嘴中呢喃着海老名姬菜日记本中那狂乱而潦草的句子,坐在医院门口的刘森,看到的是从夜色中走出的毛利小五郎。
“毛利大叔,这么晚了,你这是?”
刘森站直了身子,向着毛利小五郎打了声招呼。
“哼!”,毛利小五郎双手抱胸冷哼了一声,“你可不要误会,我才不是因为你才特意赶过来的。”
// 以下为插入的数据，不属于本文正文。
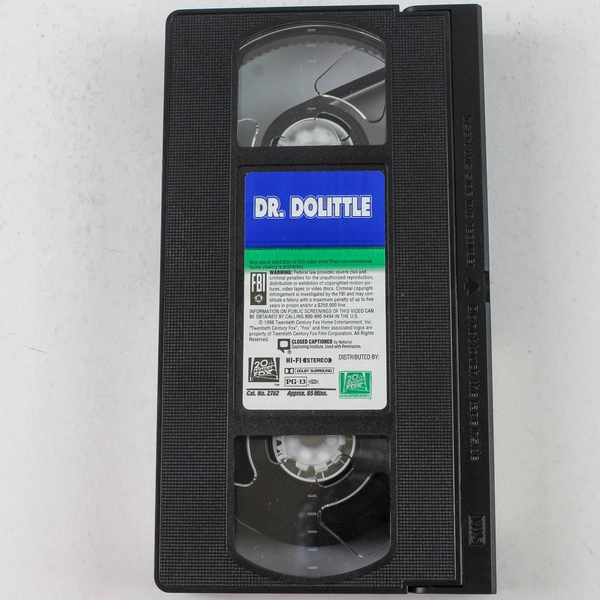 Dr. Dolittle VHS 1998 Eddie Murphy 20th Century Fox Classic Movie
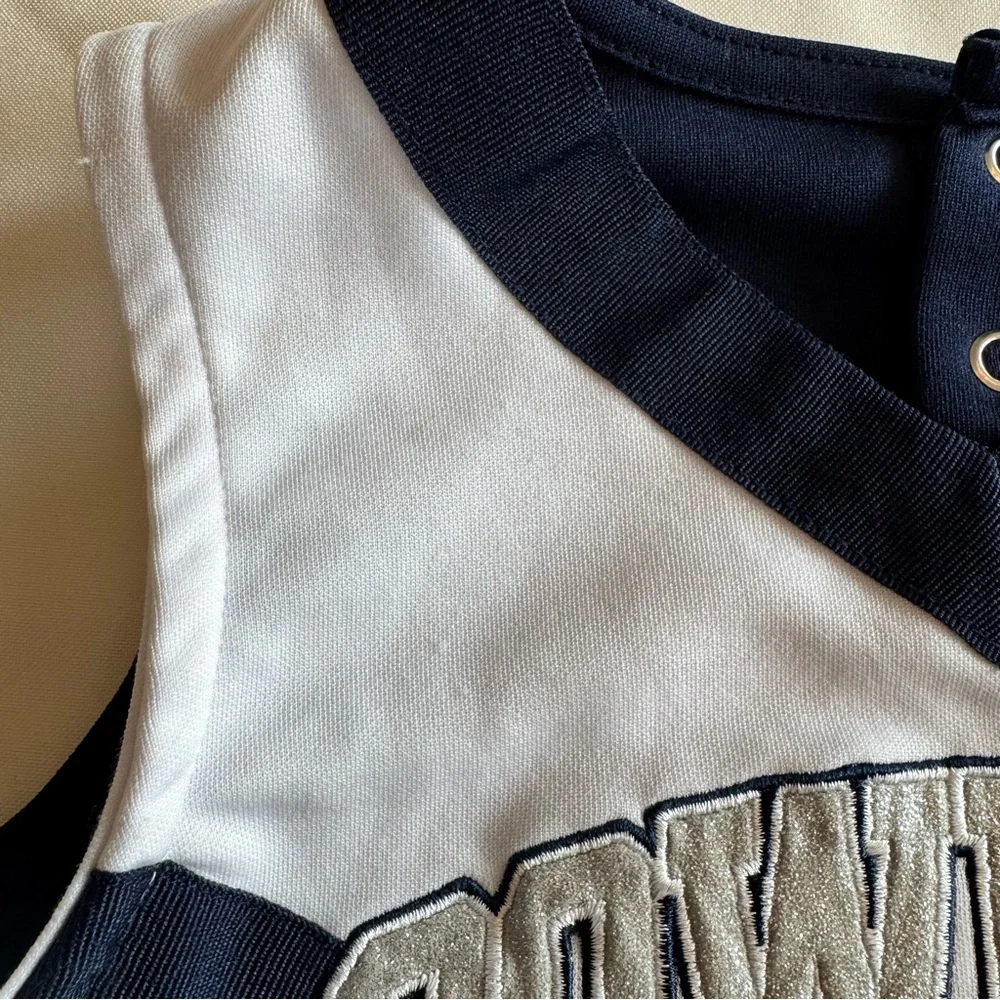 Little Girls Dallas Cowboys Cheerleader Top Halloween‎ Cosplay Cowboy Fan XS 3T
“我也没说说是因为我啊...”,刘森单手扶额,无语凝噎,“都一把年纪还傲娇,你就不觉得恶心么?”
“傲,傲娇,我才没有傲娇啊!”
“是是是,没有没有没有。”,刘森小鸡啄米一样点着自己的头,“那么没有傲娇的毛利大叔大半夜过来医院这边到底是想干嘛?”
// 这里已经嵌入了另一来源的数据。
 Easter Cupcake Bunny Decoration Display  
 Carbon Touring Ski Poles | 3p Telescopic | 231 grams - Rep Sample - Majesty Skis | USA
“诺,这是目暮警官让我交给你的,还有这个,你也一起拿着吧。”
“这是文件袋...这个是一袋衣服?”
刘森看着毛利小五郎递给他的两样东西,那个文件袋他是能理解大概会是些什么东西,只是那袋衣服又是干嘛用的?
“我在来的路上偶然遇到了那个叫平冢静的女人。”
“这袋衣服是她拜托我给你带过来的。”
“你这样说我更加迷糊了好吗...”
刘森叹了一口气,一副摸不着头脑的样子。
平冢静居然让人把一袋衣服交到他的手上,而且从衣服的型号和尺寸来看...这怕不是三浦优美子的衣服?
“话又说回来了,那个三浦优美子的病情到底如何了?”
东西交割完毕,毛利小五郎身上的侦(ba)探(gua)之魂又开始爆发了。
“啊,应该还在昏迷吧,但我听这家医院的护士说,因为及时处理,所以保住了一条命。”
“以后应该也不会留下后遗症,是可以正常的生活的。”
“这样啊,那不是挺好的么。”,刘森的话让毛利小五郎松了一口气,“这也算是不幸中的万幸了吧。”
挺好么?也不见得吧。
如果刘森没有猜错的话,本就相当独孤的三浦优美子在失去了喜欢的人之后,应该会变得更加孤独吧。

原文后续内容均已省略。